Era tal el calor que engendró, que al tercer día la madre de los océanos, la diosa suprema, sentía ar­der su piel. Temiendo quemarse, y notando que todas sus venas se ablandaban, se sumergió en las profundidades de las aguas. Entonces los huevos que el pato había puesto sobre su rodilla cayeron al mar. Al tocar la fría superficie, se rompieron en mil pedazos y se tranformaron en mil cosas útiles.
Cuentan que una mitad de la cáscara de un huevo formó la base de la Tierra y la otra mitad el firma­mento infinito que hoy contem-plamos. Las otras partes internas del huevo se transformaron como os diré: la yema pasó a ser el Sol que alumbra nuestro universo y la clara se convirtió en la Luna plateada que ilumina las noches de los enamorados.
Pero la virgen suprema nadaba sin tregua, me­ciéndose en la cuna grandiosa de los mares. Aconte­ció que en el noveno año y en la décima primavera sacó de las aguas su cabeza y acometió la más ardua creación del mundo. Donde posara su mano, allí se levantaban promontorios; donde hollaba su planta, la tierra formaba lagos, estanques, ríos, para la vida de los peces. Y así, con cada movimi-ento, fue crean­do cada partícula de la Tierra para solaz de sus futu­ros habitantes.

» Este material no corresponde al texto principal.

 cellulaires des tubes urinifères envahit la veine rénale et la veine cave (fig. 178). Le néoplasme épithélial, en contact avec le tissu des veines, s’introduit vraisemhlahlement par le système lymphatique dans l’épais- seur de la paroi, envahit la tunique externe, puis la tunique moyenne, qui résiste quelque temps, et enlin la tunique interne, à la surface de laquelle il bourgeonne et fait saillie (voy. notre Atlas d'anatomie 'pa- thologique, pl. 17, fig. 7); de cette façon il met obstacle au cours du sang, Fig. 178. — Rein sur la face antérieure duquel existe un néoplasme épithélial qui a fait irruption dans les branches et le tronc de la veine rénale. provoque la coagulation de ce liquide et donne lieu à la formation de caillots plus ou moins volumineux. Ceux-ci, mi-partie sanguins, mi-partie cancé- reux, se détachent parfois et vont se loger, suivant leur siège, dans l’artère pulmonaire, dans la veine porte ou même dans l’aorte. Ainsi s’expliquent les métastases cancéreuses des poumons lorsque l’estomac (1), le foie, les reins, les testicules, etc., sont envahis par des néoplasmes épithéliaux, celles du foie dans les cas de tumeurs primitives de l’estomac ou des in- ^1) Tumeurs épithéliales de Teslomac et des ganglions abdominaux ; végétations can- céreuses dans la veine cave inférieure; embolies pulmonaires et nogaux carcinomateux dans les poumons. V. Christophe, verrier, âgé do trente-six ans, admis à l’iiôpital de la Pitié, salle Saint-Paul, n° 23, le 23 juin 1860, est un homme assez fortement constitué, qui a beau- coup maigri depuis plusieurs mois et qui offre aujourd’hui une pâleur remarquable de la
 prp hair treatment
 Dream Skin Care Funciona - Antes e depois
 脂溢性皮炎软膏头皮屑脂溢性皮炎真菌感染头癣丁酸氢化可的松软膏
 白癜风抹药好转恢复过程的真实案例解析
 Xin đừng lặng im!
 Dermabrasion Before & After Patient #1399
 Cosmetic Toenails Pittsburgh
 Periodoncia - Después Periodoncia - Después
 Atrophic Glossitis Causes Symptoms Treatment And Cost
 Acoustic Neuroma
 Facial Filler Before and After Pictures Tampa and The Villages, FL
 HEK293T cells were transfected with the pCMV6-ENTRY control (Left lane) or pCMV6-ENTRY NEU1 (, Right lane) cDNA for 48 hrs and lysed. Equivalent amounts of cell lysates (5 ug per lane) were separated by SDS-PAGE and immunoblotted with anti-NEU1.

Luego dispuso los arrecifes, formó las costas, le­vantó las montañas, allanó los valles, extendió las planicies, modeló las mesetas; en fin, hizo el mundo.
A todo esto, Vainamoinen aún no había nacido; el juglar humano aún no existía. El futuro hombre de treinta años estuvo encerrado allí, y allí comenzó a vivir, a reflexionar en esa estrecha morada donde la Luna jamás riela su brillo y el Sol nunca lanza sus rayos. En sus soliloquios, decía:
-¡Oh, Luna, oh, Sol!, libradme de este encierro, acudid a guiarme fuera de esta mansión oscura, lejos de este claustro estrecho, llevadme a la Tierra, cual viajero extraviado, pues el hijo del hombre as­pira a conocer el día. Quiero ver la Luna en el cielo, sentir el fuego del Sol, dirigirme a la Osa Mayor y conocer todas las estrellas.
Mas la Luna no vino en su ayuda, el Sol no le alumbró y se aburría en su preexistencia ignota. Abrió las puertas de su cárcel con la articulación de su pie izquierdo. Con las manos tocó el suelo, y, hundiéndose en vertical caída entre las olas, perma­neció cinco, seis, siete, ocho años, a merced de las corrientes marinas.
Por fin tocó en una tierra sin nombre; tierra árida y seca. Haciendo esfuerzos indecibles, consiguió arrastrarse fuera del líquido elemento. Se sentó a contemplar la Luna, a calentarse en los auríferos rayos del Sol, a buscar la Osa Mayor y conocer las estrellas.
Así nació Vainamoinen; así apareció el juglar eterno, hijo de una madre divina, Issu, y nieto de la virgen Ilmatar.